2. Re:the Band by Anonymous Coward · 2014-12-18 14:08 · Score: 0
  
  #1 hit: The BSOD Blues.
3. Re:the Band by HatofPig · 2014-12-18 15:33 · Score: 1
  
  Just CANYON.MID
  
  --
  Silicon & Charybdis McLuhan Kildall Papert Kay
4. Re:the Band by Anonymous Coward · 2014-12-18 15:38 · Score: 0
  
  chchch chchch chchch chchch ch ch chchch chchch chchch chchch ch ch baaaaaah bup bup baaaaaah bup bup badadadadah badadadadadadaaah
  Yup. CANYON.MID sure was a great song. Stupid spam filter.
Oxymoron: by CaptainDork · 2014-12-18 13:09 · Score: 1

Sole control of Internet-connected devices ... especially servers.

--
It little behooves the best of us to comment on the rest of us.
I'm so disgusted by WaffleMonster · 2014-12-18 19:55 · Score: 1

Seems only thing this industry is capable of producing these days is creepy stalker gadgets.
Re:I'm so disgusted (and yet uplifted) by andhar · 2014-12-18 23:01 · Score: 1

It's disgusting that companies behave like creepy stalkers when they have your data, but...
I think it's interesting that mankind shows this need to quantify itself and achieve a sort of data-driven physical self-awareness. We're seeing the first generation to possess this kind of data, and I look forward to seeing what Smart People and Other Hackers can do with this data and their physical self-awareness. Perhaps when mankind has satiated its desire for physical self-awareness, we'll be able to return to our spiritual and philosophical sides. If we're not all already slaves to the global state.
Or perhaps when we're oppressed by the global state, that will be the time for a new revolution and re-birth of rule by thinking people, similar to what happened when the American colonists threw off the oppression of the British monarchy, resulting in wonderful but short-lived goodness of the US Declaration of Independence, the US Constitution, founding fathers, etc.

--
Vaya con huevos, my darling.
Re:I'm so disgusted (and yet uplifted) by Anonymous Coward · 2014-12-18 23:33 · Score: 0

American colonists threw off the oppression of the British monarchy, resulting in wonderful but short-lived goodness of the US Declaration of Independence, the US Constitution, founding fathers, etc.
citation needed
Re:I'm so disgusted (and yet uplifted) by SecurityGuy · 2014-12-19 03:01 · Score: 1

I suppose I find it less interesting and simply factual.

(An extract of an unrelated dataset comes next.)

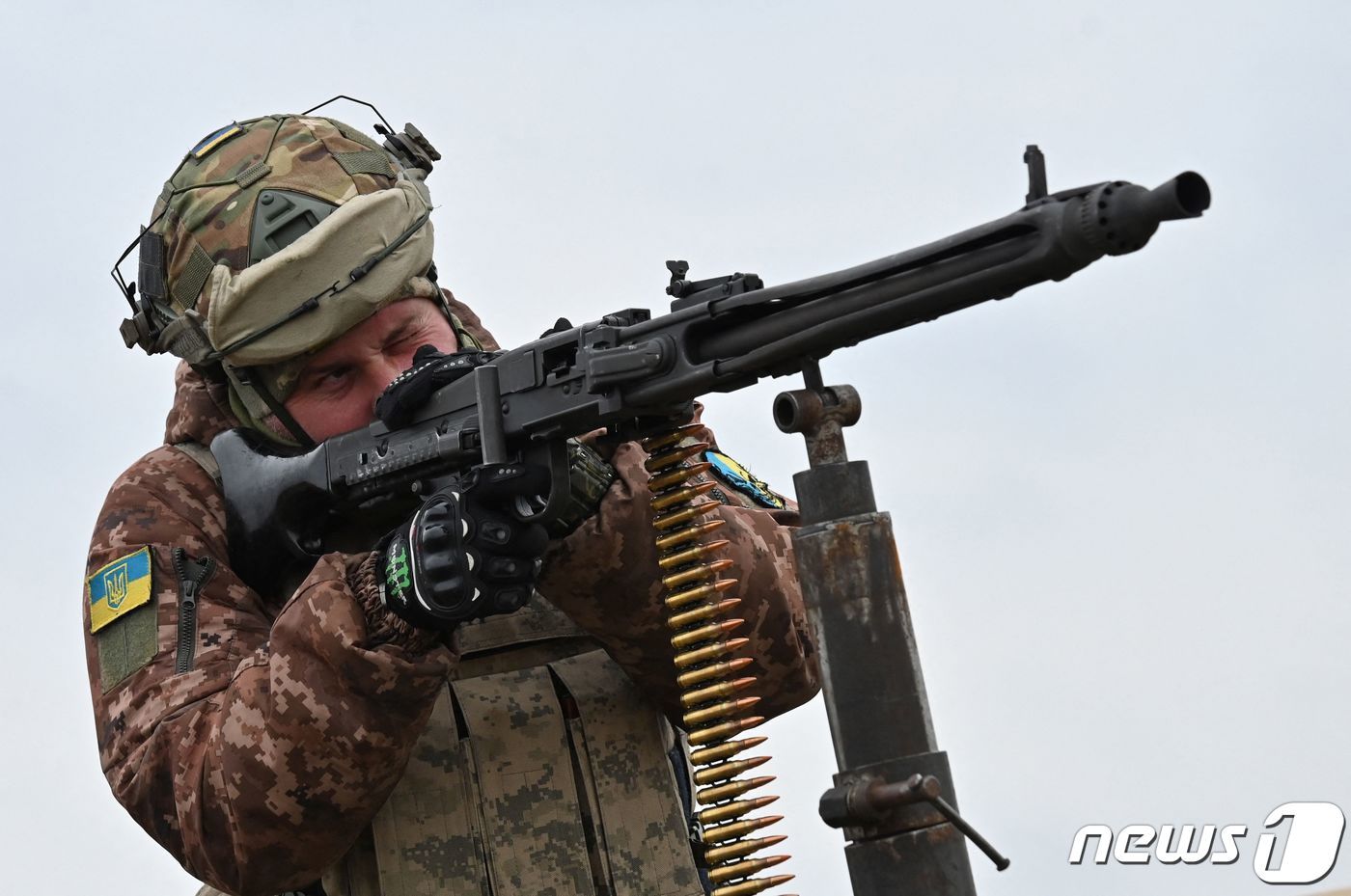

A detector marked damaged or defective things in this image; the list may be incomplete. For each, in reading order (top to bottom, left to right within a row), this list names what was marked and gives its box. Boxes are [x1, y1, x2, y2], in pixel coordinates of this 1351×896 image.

rusty metal pole [778, 361, 1000, 896]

People respond well to having a number to try to move, or a goal to try to reach. Knowing this about myself, it's a useful tool to have.
The one thing I wouldn't mind changing is having a vendor that keeps all the data local rather than uploading it to servers somewhere. I don't care too much that it's uploaded to servers somewhere, but it'd be a nice plus if I had the option to keep everything local. Then again, I use sites that have a social fitness component, so I'd probably still share. Maybe what I want is just the option to restrict the vendor from sharing, and the right to permanently delete the data when I'm done with it.